By Kimberley Kao


Hong Kong's stock-exchange operator reported lower net profit for the second straight quarter, with poor market sentiment cutting further into trading and listing activity in the Asian financial hub.

Hong Kong Exchanges & Clearing said Wednesday that its first-quarter net profit fell 13% from a year earlier to 2.97 billion Hong Kong dollars (US$379.1 million).

Revenue declined to HK$5.20 billion from HK$5.56 billion, with core business revenue falling 7% due to lower trading and clearing fees, the company said.

HKEX posted lower trading volume during the quarter, with headline average daily turnover sliding 22% to HK$99.4 billion as geopolitical tensions and macroeconomic volatility continued to weigh on market sentiment.

The market for new offerings remained well off the boom times of a few years ago when big-money listings were regular occurrences in Hong Kong.
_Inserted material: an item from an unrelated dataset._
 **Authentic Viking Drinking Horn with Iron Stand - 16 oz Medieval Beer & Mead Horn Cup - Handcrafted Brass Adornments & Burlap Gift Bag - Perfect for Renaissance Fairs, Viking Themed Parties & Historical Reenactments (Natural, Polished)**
A dozen new listings in the latest quarter raised a combined HK$4.8 billion, down 28% from a year earlier, HKEX said.

However, it said its initial public offering pipeline remains healthy, with 85 active applications as of end-March.
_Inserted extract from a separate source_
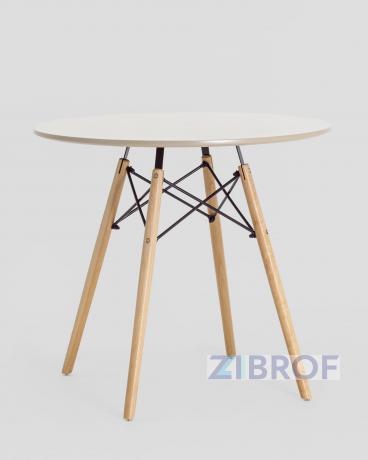 EAMES DSW D80 бежевый, столешница МДФ, ножки массив бука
HKEX is struggling to boost performance as it faces headwinds including a prolonged stock-market slump, concerns about China's economy and foreign investors exiting the city, factors that have chipped away at Hong Kong's reputation as a destination for global listings.
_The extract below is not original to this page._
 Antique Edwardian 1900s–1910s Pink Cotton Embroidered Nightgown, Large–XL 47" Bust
Sentiment for new offerings has remained muted in 2024. Hong Kong's biggest listing so far this year, Sichuan Baicha Baidao Industrial, which raised about US$330 million in its IPO, slipped 27% in its trading debut Tuesday and was down an additional 9.5% in Wednesday afternoon trading.

The exchange operator said Wednesday that it is in talks with the Hong Kong government on ways to boost the appeal of the city's markets. It said it remains optimistic about its ability to capitalize on China's long-term growth and build connections with capital hubs in Southeast Asia and the Middle East.